WHAT IS REQUIRED.
Copy word for word the lines in the records below, starting at the line with "Jompers Men's Silk" and ending at the line with "Rhinestone Claw Chain". Skip the pictures.

MATERIALS PROVIDED.

● ● ● ● ●

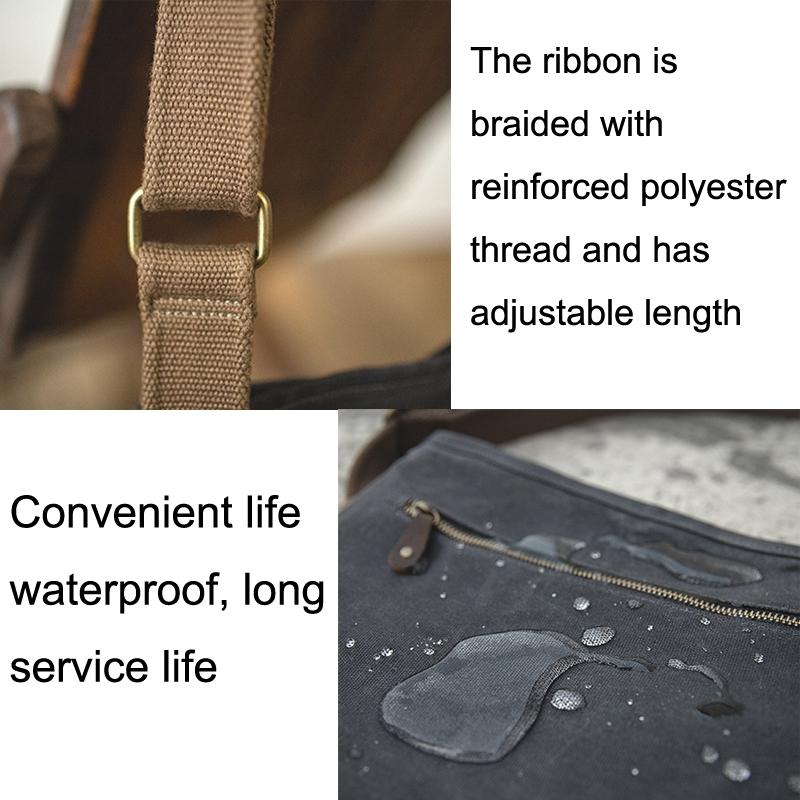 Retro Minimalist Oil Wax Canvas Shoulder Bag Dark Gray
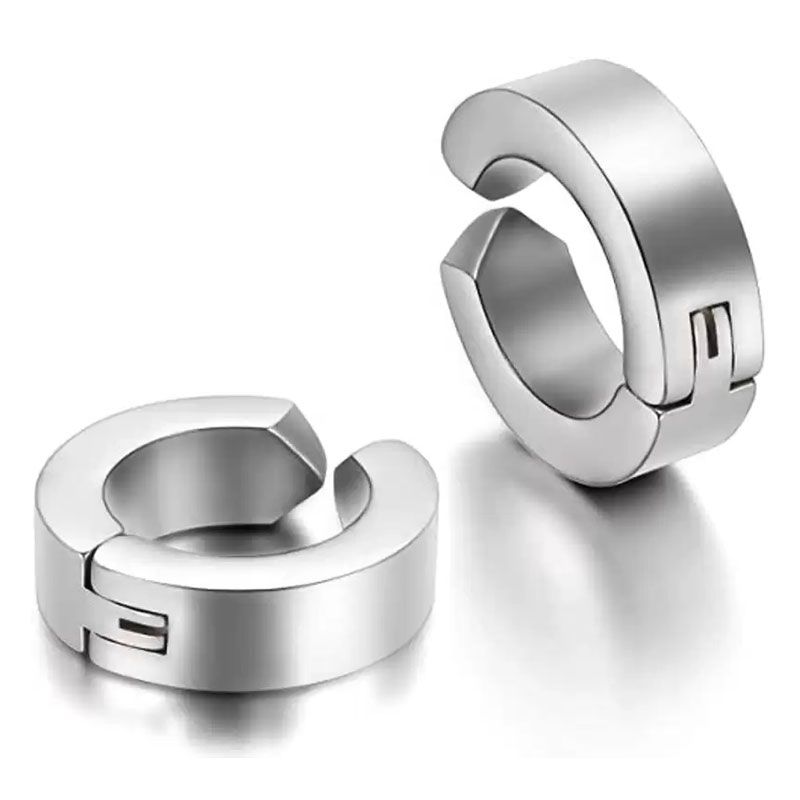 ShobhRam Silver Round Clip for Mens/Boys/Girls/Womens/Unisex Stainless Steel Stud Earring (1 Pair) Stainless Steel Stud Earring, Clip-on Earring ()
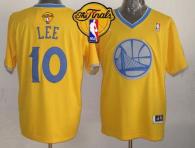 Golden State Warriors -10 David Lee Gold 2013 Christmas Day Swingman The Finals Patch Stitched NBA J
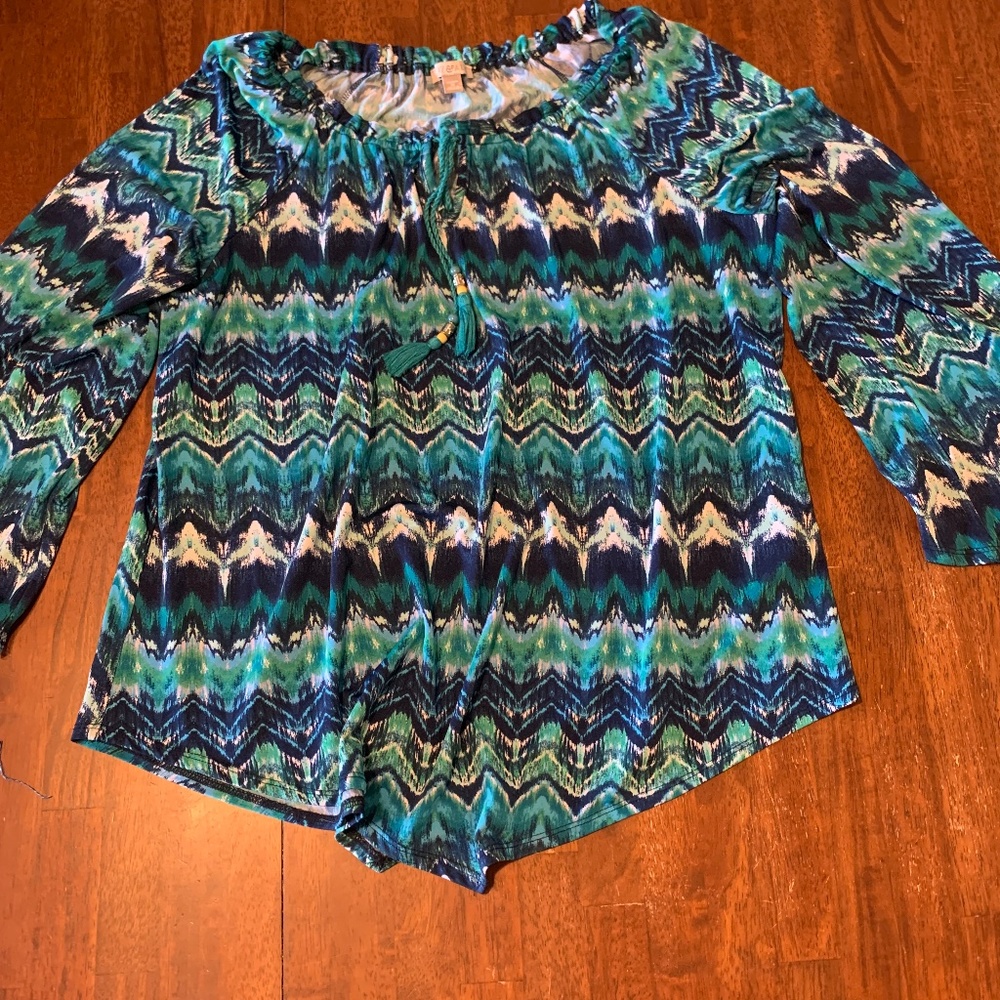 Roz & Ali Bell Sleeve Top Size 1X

● ● ● ● ●

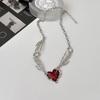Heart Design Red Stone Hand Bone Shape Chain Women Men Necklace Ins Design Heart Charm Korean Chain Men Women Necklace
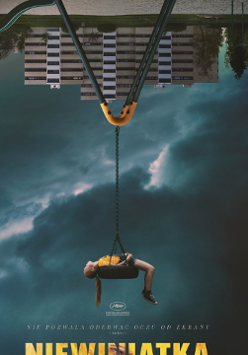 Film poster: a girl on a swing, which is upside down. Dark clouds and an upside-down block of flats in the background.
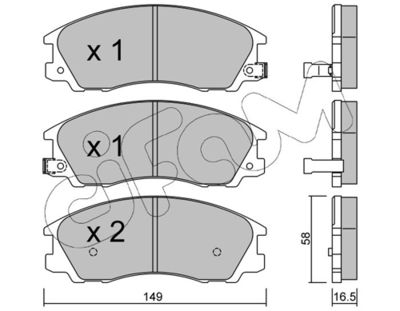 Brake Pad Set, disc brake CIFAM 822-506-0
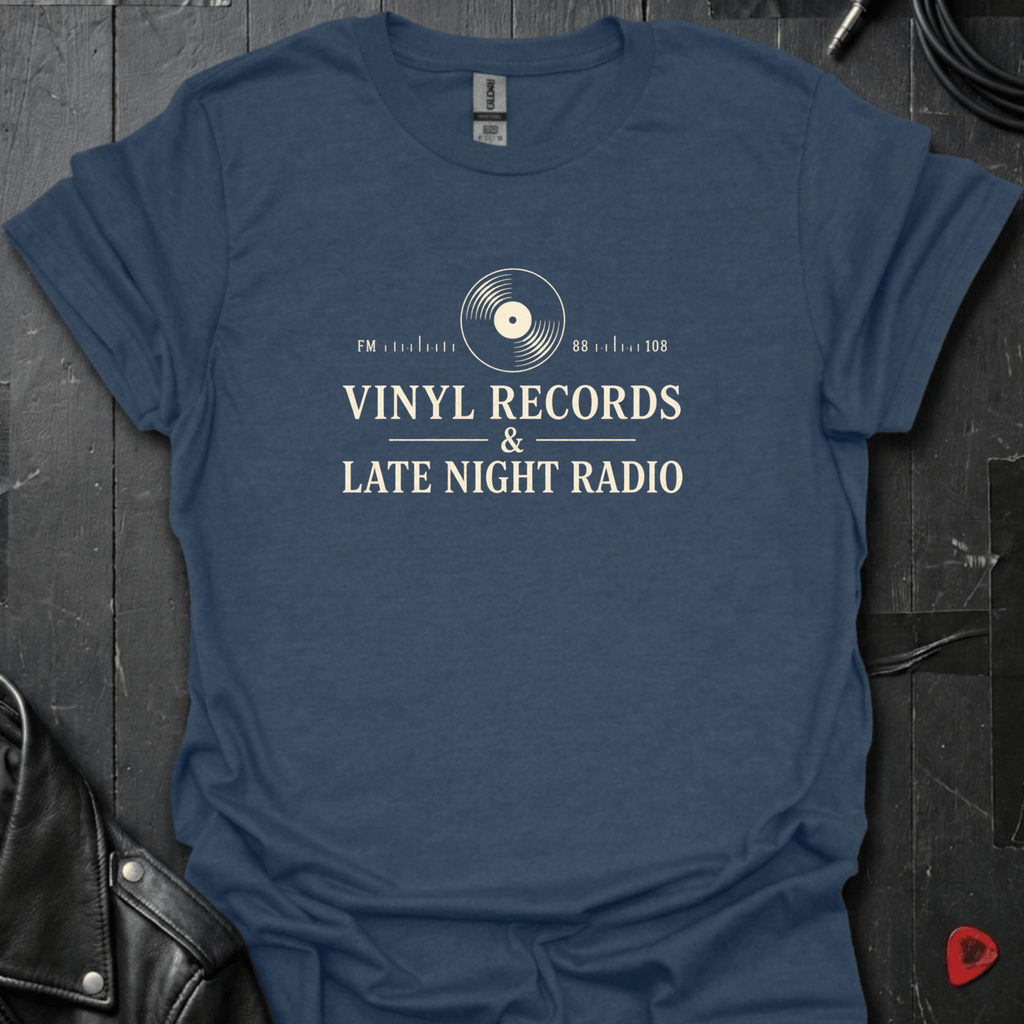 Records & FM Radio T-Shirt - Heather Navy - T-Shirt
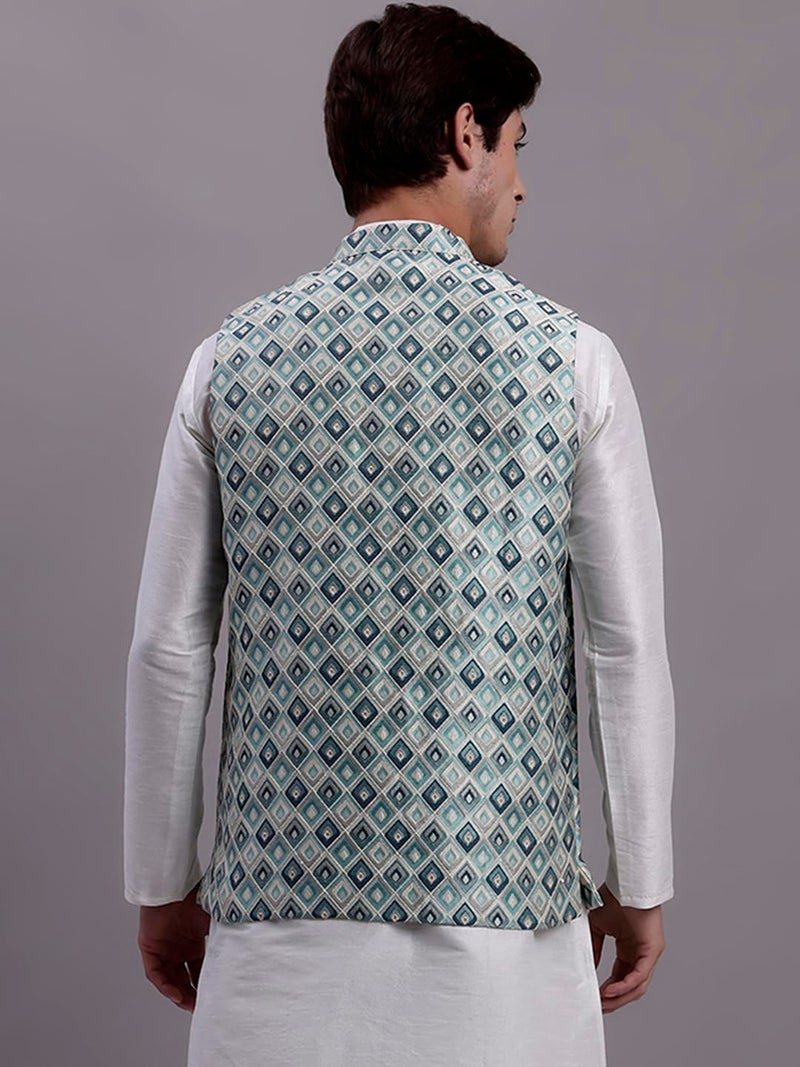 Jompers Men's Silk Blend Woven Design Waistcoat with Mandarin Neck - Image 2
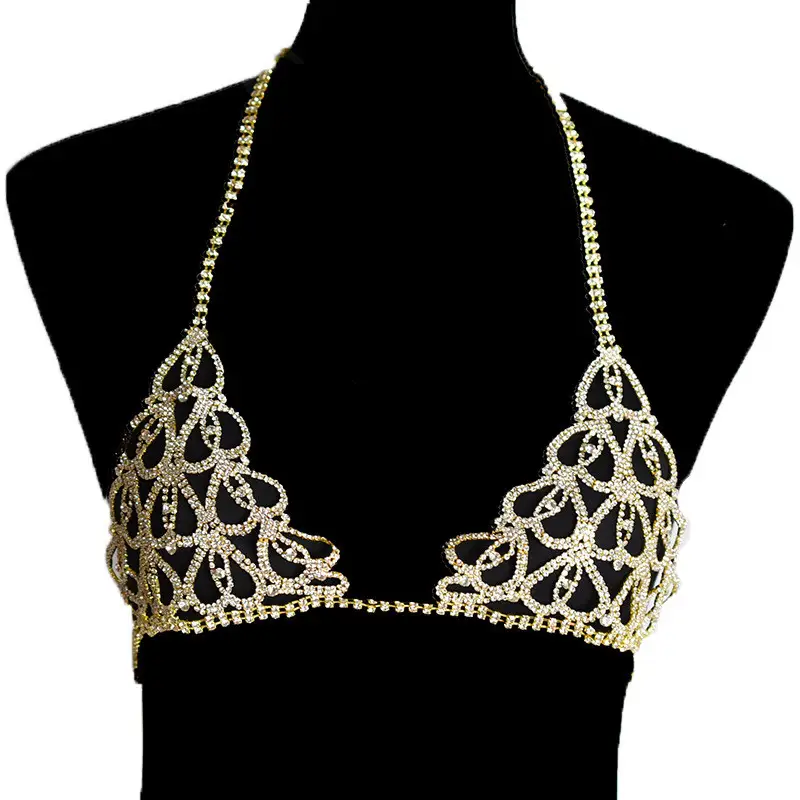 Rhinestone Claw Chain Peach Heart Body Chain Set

● ● ● ● ●

RESULT OF THE EXERCISE.
 Jompers Men's Silk Blend Woven Design Waistcoat with Mandarin Neck - Image 2
 Rhinestone Claw Chain Peach Heart Body Chain Set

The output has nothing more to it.